### [EXERCISE]
Print, exactly as written, the line containing "부동산 정부 정책 대출 활용에 대한 총정리 디딤돌 대출과 그 외 대출상품" and every line after it, ending with the final line of the data below.

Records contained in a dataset
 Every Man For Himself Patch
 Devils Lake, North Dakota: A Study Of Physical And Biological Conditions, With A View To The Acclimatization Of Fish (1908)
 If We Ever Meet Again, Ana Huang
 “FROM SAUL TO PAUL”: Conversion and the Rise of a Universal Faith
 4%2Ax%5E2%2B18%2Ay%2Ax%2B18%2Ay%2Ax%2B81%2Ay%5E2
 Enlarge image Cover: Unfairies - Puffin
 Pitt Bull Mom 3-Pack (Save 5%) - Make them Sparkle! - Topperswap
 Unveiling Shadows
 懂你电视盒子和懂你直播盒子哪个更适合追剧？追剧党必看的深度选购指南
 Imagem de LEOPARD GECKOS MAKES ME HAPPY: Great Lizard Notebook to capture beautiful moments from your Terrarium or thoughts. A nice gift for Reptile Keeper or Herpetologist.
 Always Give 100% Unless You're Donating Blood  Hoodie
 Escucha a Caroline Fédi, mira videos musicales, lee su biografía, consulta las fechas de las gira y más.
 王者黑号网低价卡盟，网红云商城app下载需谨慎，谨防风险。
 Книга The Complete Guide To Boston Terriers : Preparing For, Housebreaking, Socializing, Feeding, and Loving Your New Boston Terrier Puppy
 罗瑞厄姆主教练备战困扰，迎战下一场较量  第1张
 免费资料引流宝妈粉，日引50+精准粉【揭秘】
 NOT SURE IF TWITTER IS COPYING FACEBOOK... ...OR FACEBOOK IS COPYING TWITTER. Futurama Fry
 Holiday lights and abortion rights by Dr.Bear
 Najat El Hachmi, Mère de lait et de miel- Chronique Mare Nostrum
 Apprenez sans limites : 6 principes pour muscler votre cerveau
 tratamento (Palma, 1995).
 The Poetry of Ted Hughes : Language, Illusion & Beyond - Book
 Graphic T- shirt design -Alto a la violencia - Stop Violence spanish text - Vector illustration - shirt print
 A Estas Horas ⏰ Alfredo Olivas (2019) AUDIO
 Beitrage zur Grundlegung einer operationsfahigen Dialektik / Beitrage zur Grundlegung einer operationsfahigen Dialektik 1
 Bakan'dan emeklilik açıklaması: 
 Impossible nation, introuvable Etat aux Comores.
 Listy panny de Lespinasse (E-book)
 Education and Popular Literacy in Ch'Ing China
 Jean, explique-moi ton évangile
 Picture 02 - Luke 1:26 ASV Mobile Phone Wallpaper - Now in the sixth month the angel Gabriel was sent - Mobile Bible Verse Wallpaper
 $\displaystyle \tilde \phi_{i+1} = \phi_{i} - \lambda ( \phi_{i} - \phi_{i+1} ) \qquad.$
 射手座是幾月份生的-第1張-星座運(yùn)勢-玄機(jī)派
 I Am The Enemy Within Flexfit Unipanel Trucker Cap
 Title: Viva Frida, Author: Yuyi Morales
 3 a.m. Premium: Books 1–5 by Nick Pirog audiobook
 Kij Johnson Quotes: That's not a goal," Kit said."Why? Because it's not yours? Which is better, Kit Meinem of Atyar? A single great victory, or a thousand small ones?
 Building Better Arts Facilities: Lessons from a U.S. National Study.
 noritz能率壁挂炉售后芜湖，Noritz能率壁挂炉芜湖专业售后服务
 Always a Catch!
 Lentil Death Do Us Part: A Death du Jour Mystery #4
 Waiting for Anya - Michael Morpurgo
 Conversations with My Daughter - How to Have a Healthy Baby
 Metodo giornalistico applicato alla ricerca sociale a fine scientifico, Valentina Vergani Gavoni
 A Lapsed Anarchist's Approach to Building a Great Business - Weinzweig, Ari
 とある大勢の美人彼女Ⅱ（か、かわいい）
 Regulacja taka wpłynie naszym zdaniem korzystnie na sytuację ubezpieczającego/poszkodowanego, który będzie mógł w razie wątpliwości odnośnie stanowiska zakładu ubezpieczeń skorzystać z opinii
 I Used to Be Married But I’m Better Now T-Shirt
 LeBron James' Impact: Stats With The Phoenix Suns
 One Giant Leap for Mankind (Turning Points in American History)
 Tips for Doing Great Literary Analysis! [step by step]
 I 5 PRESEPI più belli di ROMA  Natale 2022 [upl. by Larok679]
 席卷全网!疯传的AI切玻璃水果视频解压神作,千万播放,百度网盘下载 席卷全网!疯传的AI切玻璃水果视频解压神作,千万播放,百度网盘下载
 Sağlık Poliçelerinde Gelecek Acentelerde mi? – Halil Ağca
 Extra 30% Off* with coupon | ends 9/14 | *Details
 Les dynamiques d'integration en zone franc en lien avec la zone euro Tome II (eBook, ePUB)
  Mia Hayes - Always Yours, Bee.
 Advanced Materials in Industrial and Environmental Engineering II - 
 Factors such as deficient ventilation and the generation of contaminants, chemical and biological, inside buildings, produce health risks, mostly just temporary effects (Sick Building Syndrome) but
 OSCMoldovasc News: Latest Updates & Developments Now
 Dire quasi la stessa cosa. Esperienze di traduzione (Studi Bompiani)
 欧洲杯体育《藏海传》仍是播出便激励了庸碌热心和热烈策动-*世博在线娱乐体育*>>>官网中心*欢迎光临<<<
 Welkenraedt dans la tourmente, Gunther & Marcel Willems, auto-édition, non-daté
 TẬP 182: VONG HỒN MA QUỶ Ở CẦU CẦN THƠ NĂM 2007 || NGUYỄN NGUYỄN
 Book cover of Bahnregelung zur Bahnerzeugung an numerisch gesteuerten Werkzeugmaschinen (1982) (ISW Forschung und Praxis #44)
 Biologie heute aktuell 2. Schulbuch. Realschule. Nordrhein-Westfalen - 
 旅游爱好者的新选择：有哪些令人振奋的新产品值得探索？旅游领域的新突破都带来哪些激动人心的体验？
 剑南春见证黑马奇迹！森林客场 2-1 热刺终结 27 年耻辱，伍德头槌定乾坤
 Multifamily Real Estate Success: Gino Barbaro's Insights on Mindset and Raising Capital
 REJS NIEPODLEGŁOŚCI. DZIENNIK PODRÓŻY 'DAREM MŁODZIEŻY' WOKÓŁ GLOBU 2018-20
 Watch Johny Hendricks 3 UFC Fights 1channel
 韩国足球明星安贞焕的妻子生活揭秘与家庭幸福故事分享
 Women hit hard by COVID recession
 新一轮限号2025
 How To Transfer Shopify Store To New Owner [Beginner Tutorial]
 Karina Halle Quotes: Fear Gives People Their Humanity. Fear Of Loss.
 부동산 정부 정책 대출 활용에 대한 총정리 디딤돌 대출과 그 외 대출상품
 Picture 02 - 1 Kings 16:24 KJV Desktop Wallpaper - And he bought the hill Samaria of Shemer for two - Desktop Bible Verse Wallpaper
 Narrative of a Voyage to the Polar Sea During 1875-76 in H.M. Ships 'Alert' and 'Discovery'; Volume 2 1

### [SOLUTION TO THIS PROBLEM]
 부동산 정부 정책 대출 활용에 대한 총정리 디딤돌 대출과 그 외 대출상품
 Picture 02 - 1 Kings 16:24 KJV Desktop Wallpaper - And he bought the hill Samaria of Shemer for two - Desktop Bible Verse Wallpaper
 Narrative of a Voyage to the Polar Sea During 1875-76 in H.M. Ships 'Alert' and 'Discovery'; Volume 2 1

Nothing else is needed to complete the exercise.